Toby Segaran talking about Data-mining
Having paged through the book I'm a bit unsure I really want to be in this tutorial, Toby has started out with a fairly dry discussion of what data mining actually is, which isn't really that reassuring. I don't think this is going to be the fun fast-paced tutorial on mashups that I was expecting. I think next year I should probably read the tutorial descriptions before picking what I'm going to, rather than waiting till I arrive at the conference.
Apparently he's got an book "Programming Collective Intelligence", which covers a lot of the same ground as this tutorial, due out in August with O'Reilly.
Update: Oh, he's just started to talk about regression trees and the CART algorithim. Moving on from supervised regression trees, he's talking about unsupervised methods.
Update: He's basing his unsupervised data mining example on grouping blogs on hierarchical clusters. He's using Mark Pilgrim's Universal Feed Reader to harvest the data from the Technorati top one hundred blogs,
I've sure you've all seen blogs...
with lots of Python code flipping across the screen he's building up a matrix of word occurrences and determining the distance between two blogs using Euclidean distance between the word counts. I guess that's okay for a simple example but there are other distance metrics; Manhattan, Tanamoto, Pearson Correlation, Chebychev and Spearman.

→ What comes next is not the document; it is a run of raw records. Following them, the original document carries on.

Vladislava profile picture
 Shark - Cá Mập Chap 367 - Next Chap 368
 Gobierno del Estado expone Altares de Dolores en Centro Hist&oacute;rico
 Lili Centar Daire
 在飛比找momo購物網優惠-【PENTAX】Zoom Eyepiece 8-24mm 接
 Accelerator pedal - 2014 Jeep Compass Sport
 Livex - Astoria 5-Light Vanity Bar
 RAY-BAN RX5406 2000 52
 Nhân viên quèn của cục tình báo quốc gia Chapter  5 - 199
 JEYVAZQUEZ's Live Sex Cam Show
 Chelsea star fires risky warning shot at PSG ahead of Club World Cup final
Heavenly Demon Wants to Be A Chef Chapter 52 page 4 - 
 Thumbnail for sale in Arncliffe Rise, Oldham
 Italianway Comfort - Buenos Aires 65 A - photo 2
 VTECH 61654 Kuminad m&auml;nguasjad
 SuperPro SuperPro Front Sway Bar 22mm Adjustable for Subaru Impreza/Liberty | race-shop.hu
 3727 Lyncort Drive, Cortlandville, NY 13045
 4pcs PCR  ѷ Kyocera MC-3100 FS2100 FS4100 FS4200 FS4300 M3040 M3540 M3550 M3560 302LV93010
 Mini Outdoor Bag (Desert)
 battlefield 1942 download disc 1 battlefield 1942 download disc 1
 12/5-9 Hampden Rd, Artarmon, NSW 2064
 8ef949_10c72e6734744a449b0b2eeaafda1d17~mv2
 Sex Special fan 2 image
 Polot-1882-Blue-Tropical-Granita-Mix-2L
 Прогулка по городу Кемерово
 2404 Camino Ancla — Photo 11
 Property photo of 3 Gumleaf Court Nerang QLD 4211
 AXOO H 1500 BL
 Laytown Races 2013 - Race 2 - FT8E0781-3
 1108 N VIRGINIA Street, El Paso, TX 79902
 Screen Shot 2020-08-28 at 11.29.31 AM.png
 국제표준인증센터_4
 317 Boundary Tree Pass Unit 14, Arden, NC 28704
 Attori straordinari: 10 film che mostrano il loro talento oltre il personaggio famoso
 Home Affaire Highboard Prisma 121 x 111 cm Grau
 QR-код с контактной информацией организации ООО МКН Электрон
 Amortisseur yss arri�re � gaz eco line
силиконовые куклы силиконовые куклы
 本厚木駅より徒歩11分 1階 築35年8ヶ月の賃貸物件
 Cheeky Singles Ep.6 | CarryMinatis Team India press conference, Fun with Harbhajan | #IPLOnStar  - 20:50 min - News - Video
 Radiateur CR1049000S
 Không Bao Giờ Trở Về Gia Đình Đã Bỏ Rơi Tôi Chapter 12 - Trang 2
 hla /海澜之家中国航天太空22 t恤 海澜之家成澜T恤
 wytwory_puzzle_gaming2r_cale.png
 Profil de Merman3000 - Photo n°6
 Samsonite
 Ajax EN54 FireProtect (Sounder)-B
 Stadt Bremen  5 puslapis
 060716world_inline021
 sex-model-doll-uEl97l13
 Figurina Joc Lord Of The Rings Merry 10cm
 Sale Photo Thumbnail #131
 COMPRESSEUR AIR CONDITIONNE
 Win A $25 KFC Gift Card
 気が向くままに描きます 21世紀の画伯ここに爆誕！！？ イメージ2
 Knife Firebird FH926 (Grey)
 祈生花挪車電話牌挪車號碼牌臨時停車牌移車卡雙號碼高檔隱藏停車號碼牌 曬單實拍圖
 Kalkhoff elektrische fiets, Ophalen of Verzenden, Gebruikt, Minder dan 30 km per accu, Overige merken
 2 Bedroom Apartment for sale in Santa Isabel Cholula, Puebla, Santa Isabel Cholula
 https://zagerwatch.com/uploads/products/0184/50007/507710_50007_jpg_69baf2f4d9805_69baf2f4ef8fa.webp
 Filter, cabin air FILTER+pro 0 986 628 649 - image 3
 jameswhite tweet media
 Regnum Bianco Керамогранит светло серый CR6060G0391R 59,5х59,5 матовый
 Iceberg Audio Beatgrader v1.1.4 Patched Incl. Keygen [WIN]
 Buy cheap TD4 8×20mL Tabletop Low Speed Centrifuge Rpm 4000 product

Update: He's showing how you can use Dendrograms and K-means Clustering to show how the blogs cluster up. I'm a bit frustrated here, this is good stuff, but his code is written in eight point font, black on white, and almost total unreadable.
Update: Okay, we've just broken for fifteen minutes for an unscheduled break...
Update: We just had about three quarters of an hour of network down time. The network crash happened just as I was posting an update, which appears to be toast. I hate it when that happens...
Update: ...okay, he's just finished two hours early. Erm? What on Earth!?